#### TASK STATEMENT
In the records that follow, find each line containing "Hotel" and copy it.
##### RECORDS PROVIDED #####
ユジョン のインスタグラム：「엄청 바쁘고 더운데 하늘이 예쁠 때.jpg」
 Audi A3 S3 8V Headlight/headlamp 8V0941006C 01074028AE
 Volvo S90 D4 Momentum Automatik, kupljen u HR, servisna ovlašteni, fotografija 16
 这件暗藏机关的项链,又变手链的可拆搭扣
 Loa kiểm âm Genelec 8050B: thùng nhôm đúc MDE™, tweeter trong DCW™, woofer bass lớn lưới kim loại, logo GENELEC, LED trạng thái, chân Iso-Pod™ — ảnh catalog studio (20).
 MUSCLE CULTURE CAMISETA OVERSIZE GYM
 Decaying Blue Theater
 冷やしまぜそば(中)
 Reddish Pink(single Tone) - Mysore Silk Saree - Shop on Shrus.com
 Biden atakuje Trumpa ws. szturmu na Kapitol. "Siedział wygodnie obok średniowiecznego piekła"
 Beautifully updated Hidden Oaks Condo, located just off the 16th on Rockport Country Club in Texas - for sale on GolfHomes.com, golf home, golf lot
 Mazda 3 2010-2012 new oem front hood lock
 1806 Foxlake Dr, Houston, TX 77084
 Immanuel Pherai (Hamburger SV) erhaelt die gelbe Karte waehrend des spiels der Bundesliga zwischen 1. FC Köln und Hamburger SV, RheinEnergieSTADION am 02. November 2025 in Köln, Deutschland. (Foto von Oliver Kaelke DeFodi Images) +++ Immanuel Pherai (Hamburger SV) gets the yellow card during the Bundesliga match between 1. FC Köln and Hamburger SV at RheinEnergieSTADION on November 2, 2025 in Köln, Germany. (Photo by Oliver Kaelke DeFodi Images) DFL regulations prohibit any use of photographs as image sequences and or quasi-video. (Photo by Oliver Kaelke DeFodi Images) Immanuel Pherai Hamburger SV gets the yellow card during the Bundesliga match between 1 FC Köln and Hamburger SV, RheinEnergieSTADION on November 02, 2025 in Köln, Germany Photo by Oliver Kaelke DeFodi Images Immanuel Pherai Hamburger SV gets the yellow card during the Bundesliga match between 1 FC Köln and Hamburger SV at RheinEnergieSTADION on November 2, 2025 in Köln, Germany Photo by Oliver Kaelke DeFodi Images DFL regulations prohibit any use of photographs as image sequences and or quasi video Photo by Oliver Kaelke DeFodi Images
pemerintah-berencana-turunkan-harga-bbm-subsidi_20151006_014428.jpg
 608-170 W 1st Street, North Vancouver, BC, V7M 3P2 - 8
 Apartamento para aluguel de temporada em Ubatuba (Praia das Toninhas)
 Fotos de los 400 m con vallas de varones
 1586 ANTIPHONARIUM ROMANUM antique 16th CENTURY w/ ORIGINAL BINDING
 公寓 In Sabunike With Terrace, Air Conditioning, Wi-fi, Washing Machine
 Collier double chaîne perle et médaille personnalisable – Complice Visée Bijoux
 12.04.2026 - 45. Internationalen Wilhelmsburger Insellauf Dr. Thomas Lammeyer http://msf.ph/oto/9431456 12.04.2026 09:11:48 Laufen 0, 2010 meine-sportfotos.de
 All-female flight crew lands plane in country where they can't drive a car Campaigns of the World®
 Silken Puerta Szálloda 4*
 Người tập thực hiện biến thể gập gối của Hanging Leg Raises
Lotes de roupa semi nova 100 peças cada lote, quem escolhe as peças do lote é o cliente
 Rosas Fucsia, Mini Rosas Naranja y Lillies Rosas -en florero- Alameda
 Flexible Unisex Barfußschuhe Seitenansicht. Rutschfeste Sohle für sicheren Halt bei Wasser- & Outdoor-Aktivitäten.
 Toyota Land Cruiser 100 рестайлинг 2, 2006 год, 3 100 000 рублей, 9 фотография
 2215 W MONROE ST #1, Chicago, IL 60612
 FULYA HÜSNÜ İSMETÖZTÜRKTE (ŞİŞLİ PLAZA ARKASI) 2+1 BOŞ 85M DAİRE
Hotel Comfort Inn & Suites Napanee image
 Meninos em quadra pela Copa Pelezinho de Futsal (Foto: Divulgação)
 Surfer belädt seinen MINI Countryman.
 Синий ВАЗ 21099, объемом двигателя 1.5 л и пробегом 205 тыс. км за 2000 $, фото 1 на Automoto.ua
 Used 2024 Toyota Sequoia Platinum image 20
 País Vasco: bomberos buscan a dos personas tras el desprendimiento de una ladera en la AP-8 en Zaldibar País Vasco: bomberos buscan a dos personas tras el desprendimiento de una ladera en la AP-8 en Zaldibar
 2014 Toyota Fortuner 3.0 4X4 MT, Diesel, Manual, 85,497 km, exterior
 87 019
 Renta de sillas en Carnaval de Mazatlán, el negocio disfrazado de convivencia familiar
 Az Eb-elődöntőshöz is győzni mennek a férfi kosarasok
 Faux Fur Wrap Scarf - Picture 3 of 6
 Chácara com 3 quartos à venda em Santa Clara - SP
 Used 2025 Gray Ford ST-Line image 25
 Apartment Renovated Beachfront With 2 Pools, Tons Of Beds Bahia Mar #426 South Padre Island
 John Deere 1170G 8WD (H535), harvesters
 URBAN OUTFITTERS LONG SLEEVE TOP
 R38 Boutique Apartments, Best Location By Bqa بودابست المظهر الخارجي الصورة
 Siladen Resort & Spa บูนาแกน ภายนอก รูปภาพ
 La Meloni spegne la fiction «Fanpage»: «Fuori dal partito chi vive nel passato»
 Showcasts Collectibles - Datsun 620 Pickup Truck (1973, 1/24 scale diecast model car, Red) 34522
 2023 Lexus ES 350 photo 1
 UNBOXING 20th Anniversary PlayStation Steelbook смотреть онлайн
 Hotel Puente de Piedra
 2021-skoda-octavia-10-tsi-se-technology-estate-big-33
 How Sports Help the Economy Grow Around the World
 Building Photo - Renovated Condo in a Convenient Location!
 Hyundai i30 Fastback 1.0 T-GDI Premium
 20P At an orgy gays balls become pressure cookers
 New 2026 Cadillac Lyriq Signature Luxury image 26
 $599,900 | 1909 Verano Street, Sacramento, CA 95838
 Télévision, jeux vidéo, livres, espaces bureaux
#####
#### FINISHED TASK
Hotel Comfort Inn & Suites Napanee image
 Hotel Puente de Piedra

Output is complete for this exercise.